Braves Starting Pitching In Retrospect Part 2 Bob Buhl

the original big three2

Lew Burdette, Bob Buhl and Warren Spahn were the original Braves Big three


In a 1956 article in Sports Illustrated Ray Terrell bemoaned the lack of starting pitching in the league (sound familiar?) and opened his post with this.

The year may be 1906 or it may be 1956 but, if you are a baseball manager, the routine rarely varies. You watch your team come off the field after a game, and then, win or lose, you go home at night and pray for more pitching. Sometimes, of course, you pray for more pitching even before you go home.. . . Unless, of course, you happen to be Fred Haney of the 1956 Milwaukee Braves, whereupon the routine varies to this extent: you watch your team come off the field after a game, and then, win or lose, you go home at night and pray for more hitting.

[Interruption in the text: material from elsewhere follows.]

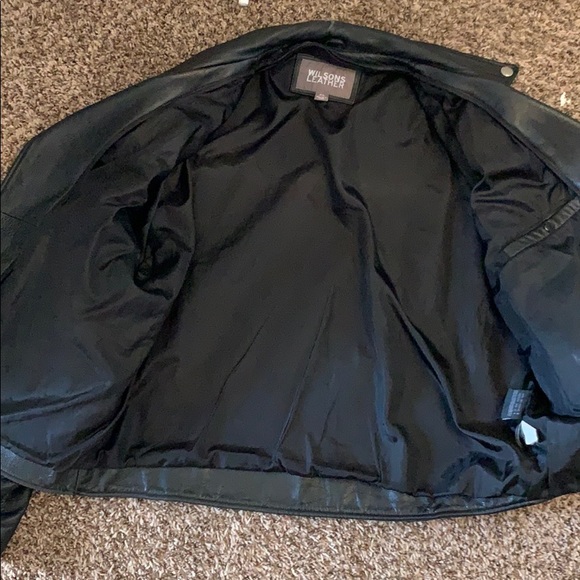 Wilson’s Leather black leather jacket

In midsummer of 1956 the best pitching staff in baseball no longer consists of people with famous names . . .but, instead, of people with the sometimes rather obscure names of Burdette and Buhl, Conley and Crone and Spahn.

Those quotes too should sound familiar.

Yesterday I told you about Lew Burdette. Today I look at the second member of the original Braves Big 3, a tall right hander from Titusville Florida, Bob Buhl.

Buhl was originally signed the the White Sox in August 1946. They were unimpressed with their signing and released him in February 1948 after one season of D level minor league ball. The Braves signed him in March of that year and sent him to Saginaw  (A ball). From there he moved Hartford in the Florida league in 49 and finally to Dallas in the Texas league AA  ball in 1950. He entered the military in 1951 and returned in 1953 to join the Braves in Milwaukee.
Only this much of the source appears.